In this paper, we provide the theoretical foundations of the electrodefomation method and show how to utilize it to simultaneously measure bending rigidity, tension and capacitance of lipid bilayer membranes.

2. MATERIALS AND METHODS

2.1. The electrodeformation method

The method relies on the entropic elasticity of lipid bilayers. Lipid bilayers are very soft and thermal fluctuations cause membrane undulations that store area. Application of electric stress causes vesicle deformation and the vesicle apparent area A increases due to flattening of the thermally-driven suboptical membrane undulations, see Figure 1. Restricting the fluctuations raises the membrane tension [22, 30]
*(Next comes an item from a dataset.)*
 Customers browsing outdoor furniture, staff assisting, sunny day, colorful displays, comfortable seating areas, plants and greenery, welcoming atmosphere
$$\sigma ={\sigma }_0\exp \left[\frac{8\pi \kappa }{k_{B}T}\alpha \right],\alpha =\frac{A-A_0}{A_0}$$ (1)

FIG. 1.

An initially spherical vesicle deforms into an ellipsoid and its apparent area increase when a uniform AC electric field is applied. The conductivity conditions inside and outside the vesicle correspond to λ_in = 25 μS/m (0.2 mM NaCl) and λ_ex = 3 μS/m (0 mM NaCl). The conductivity ratio is Λ = 8.33. The AC field frequency is 10 kHz. Images are obtained with phase contrast microscopy.

where σ₀ and A₀ = 4πR² are the membrane tension and vesicle area in absence of applied stress. Eq. 1 can be used to obtain the membrane bending rigidity κ if the area increase and tension can be measured independently. Next, we show how the tension can be calculated from the applied electric field.
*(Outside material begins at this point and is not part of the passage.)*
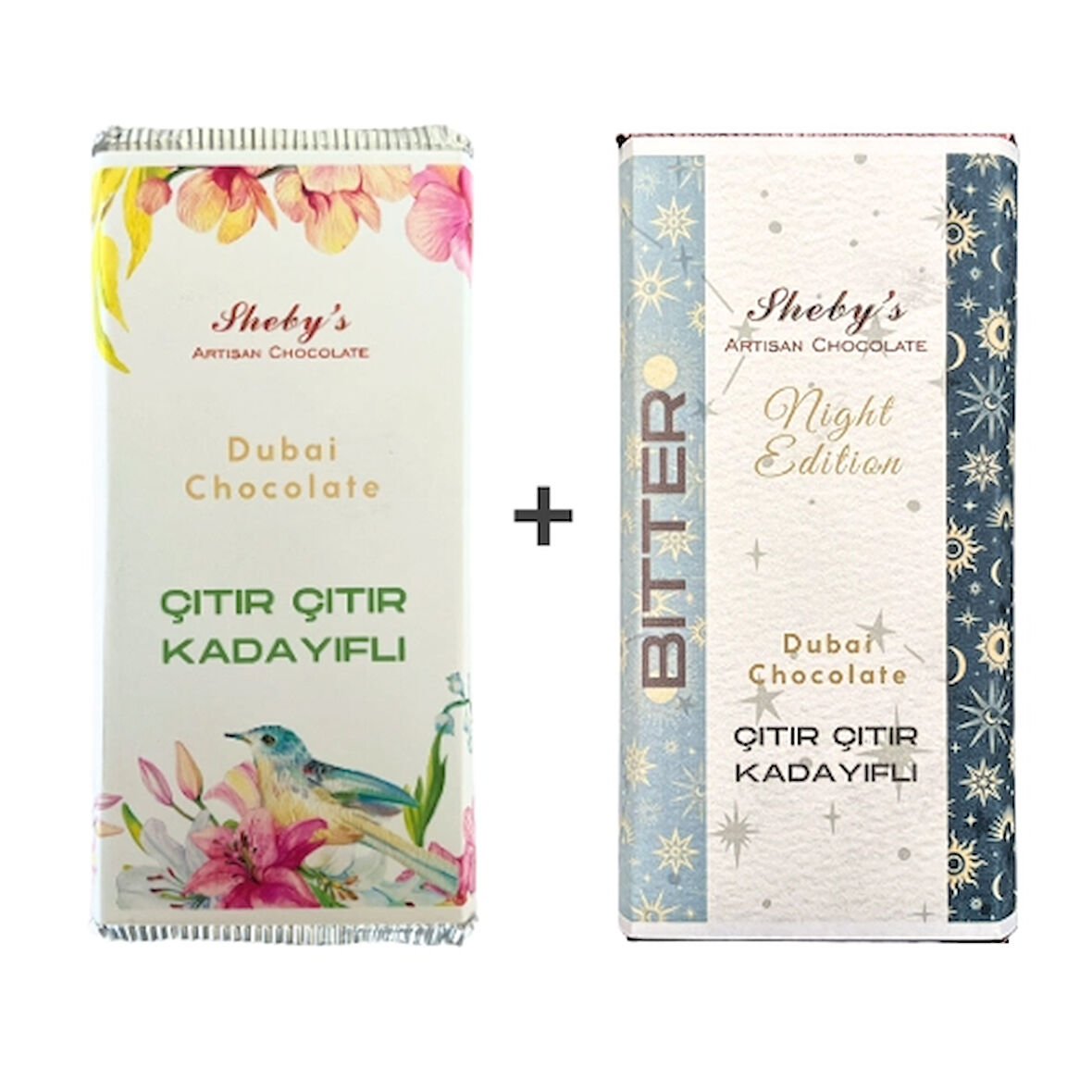 Çıtır Kadayıflı Antep Fıstığı Dolgulu Sütlü & Bitter Tablet Çikolata 200gr x 2 | Dubai Çikolatası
2.2. Theoretical model of vesicle electrodeformation

Let us consider a vesicle made of a charge-free lipid bilayer membrane with bending rigidity κ, tension σ, capacitance C_m. The vesicle is suspended in a solution with conductivity λ_ex and permittivity ε_ex, and filled with a different solution characterized by λ_in and ε_in.
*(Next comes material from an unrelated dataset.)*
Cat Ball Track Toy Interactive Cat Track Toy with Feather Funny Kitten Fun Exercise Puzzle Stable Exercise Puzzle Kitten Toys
A uniform AC electric field with amplitude E₀ and frequency ω, $E=E_0\cos \left(\omega t\right)\widehat{z}$, deforms the vesicle into a spheroid with symmetry axis aligned with the field direction. The spheroid aspect ratio is ν = a/b, where a is the length of the symmetry axis and b is the length of the axis perpendicular to the symmetry axis, see sketch in Figure 1. For small deformations, $\nu \lesssim 1.3$, the shape is well approximated by

$$r_s\left(\theta \right)=R\left(1+\frac{s}{2}\left(1+3\cos 2\theta \right)\right),$$ (2)

where r_s is the position of the surface, R is the initial radius of the vesicle, s is the deformation parameter, and θ is the angle with the applied field direction; θ = 0 and π/2 correspond to the pole and the equator, respectively. The ellipsoid aspect ratio is related to the deformation parameter by $\nu =\left(1+s\right)/\left(1-2s\right)$. The theory developed by Vlahovska et al. [25, 31–33] predicts that the steady deformation parameter is given by the balance of electric and membrane stresses

$$s={\epsilon }_{ex}{E}_0^2{R}^3\frac{p^{\mathrm{el}}\left(\omega \right)}{6\kappa +\sigma R^2}.$$ (3)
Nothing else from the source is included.